Re: How do i make readers care about my character?

#4
Here's some ways that people can feel for a character, from what I recall (in no particular order)
  • Underdog stories: people always root for the underdog. Falling from grace and hitting rock-bottom means that he can only go up, so readers can root for him as he works his way upward
  • Humor is always an amazing tool to get readers on a character's side. There's a reason why people generally love the funny characters/characters that are having a lot of fun. 
  • Relatability: while I doubt readers can relate to being yeeted out of Heaven (unless I'm missing something lol), having him have struggles that can be compared to a normal reader is good. Having him be on Earth(?) after living in Heaven and struggling to make ends meet, get a job, find friends, etc--those are things that are very human struggles, so people can empathize and get on his side that way.
  • Motivations give the character a goal, and help readers want to have the character to work to that goal. If he's working against an enemy (God???) that'd also be pretty epic, not gonna lie lol.
  • Well-Developed Characters are key. Making characters three-dimensional, with passions, flaws, nuance, etc. is important to have readers learn more about them and get excited to be on their journey
  • Convictions are also good--your character can be fighting for a noble cause or something.
  • Be the enemy: because everyone loves Disney villains lol. They just have more fun. (If this is something your character's planning on getting into)
As for readers feeling your character's pain, I'd suggest that they get a (brief) glimpse into his life before he was booted, so they know what he fell from. They can then understand him in-context of the (I'm assuming cushy?) life he had before he then fell, so they know what he's missing lol. It depends on his characterization and what your plans are though! 

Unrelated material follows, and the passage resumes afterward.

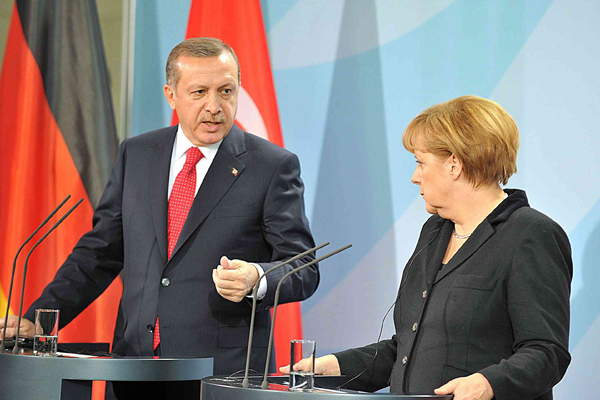 Erdoğan ve Merkel telefonda görüştü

Re: How do i make readers care about my character?

#5
There is one basic component to a compelling character. They need to want things. If any character is fully reactive, they can seem hollow and boring. If the character likes sweets, they can go on a small little quest for a tootsie roll, then show how happy they are to eat the tiny candy:

Tarra paused, thinking for a moment. "While we're at the gas station, I'm going to get a tootsie roll. Want one?"
Jann raised an eyebrow at her. "N-no. I didn't realize anyone ate those things anymore."
"Hmph! Well, I do." She stormed off into the store with overdramatic annoyance. A half-minute later, she had thrown the cashier six cents and walked out of the store, happy as could be as she chewed on her candy. "Mmmm..." she emoted, "You're really missing out, Jann!"
Jann didn't really know what to say, her friend looking too happy for her to put down without feeling guilty. "So...the gas is filled up."
"Then let's pedal to the metal!"

It's fun to make random scenes like this up.
I know people can get invested in inanimate objects(which obviously don't want anything), so it's clear this isn't necessary, however, as listed above my post, someone can get invested in something's humor, without any wants. I guess that's how harem anime get away with using protagonists as bland as such objects-humor, relatability, and underdog bias(kinda).

Re: How do i make readers care about my character?

#8
In order to get your readers to invest in a character you first need to present them a character. There are several ways to go about it.

Many power fantasies tend to go with either the author self-insert or the blank slate (reader self-insert). The blank slate has as little personality as possible so as many people as possible can imagine being in their shoes. The author self-insert risks not being able to develop because the character 'can't' deviate from who the author is. This kind of character still generates more investment since we recognize parts of ourselves. 

Personally, I went slightly different. I took traits that I recognize in myself and others and took a few to make the basis of each character. They're not all positive traits, I mix them up a bit. Good characters aren't perfect, they have flaws. Try to avoid caricatures at this stage.

Next comes the part where you make people root for them. Angry Raccoon gave a very good list on how to achieve that. I do want to add to the 'Be The Enemy' one - Everyone loves a good redemption story. Being booted from heaven for obvious flaws like arrogance, laziness and all-round trouble making only to be confronted with those wherever he ends up and starting to show that there's more to it, that there's a reason he got like that (how did I get this way?) and that he's working on changing himself around - slowly - and that there are qualities under the surface that are worthwhile...

The first step still remains. You need to present a character that is recognizable and relatable without being too simplistic

Re: How do i make readers care about my character?

#10
Make readers care about him by A) introducing reasons why we should sympathize with him, B) give him motivations. 

For A) shows us a bit of his life before the incident: perhaps his family or friends, his routine, his personality.
For B) give him a goal. Does he want revenge? A promotion? To live a carefree life? To get rich? To find a girlfriend? Whatever his motivation, establish it and justify it.